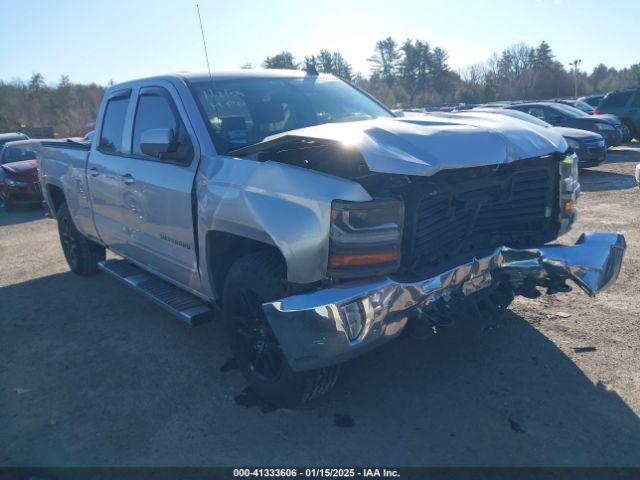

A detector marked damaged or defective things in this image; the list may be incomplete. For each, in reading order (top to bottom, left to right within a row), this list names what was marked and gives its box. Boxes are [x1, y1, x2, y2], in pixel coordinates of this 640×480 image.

crushed hood [1, 159, 39, 182]
crushed hood [232, 114, 568, 176]
broken headlight [328, 198, 402, 280]
front grille damage [384, 156, 560, 278]
damaged front bumper [264, 232, 624, 372]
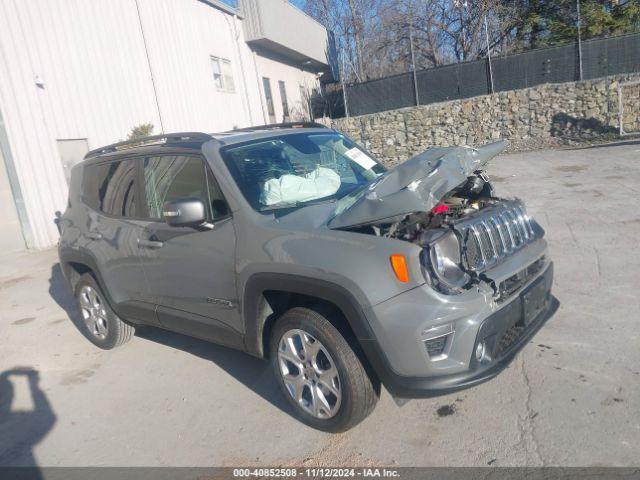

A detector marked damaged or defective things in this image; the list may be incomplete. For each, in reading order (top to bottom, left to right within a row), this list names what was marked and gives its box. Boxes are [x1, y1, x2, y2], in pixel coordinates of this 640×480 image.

deployed airbag [258, 166, 340, 205]
crumple zone damage [330, 140, 504, 230]
damaged front end [330, 139, 544, 294]
crumple zone damage [330, 139, 544, 296]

= Work instructions =
Return the records above exactly as written, but without any of the pictures.

= Task response =
A detector marked damaged or defective things in this image; the list may be incomplete. For each, in reading order (top to bottom, left to right within a row), this list names what was marked and gives its box. Boxes are [x1, y1, x2, y2], in pixel coordinates of this 640×480 image.

crushed hood [1, 159, 39, 182]
crushed hood [232, 114, 568, 176]
broken headlight [328, 198, 402, 280]
front grille damage [384, 156, 560, 278]
damaged front bumper [264, 232, 624, 372]

A detector marked damaged or defective things in this image; the list may be incomplete. For each, in reading order (top to bottom, left to right within a row), this list names what was marked and gives its box. Boxes are [x1, y1, x2, y2], in pixel coordinates of this 640×480 image.

deployed airbag [258, 166, 340, 205]
crumple zone damage [330, 140, 504, 230]
damaged front end [330, 139, 544, 294]
crumple zone damage [330, 139, 544, 296]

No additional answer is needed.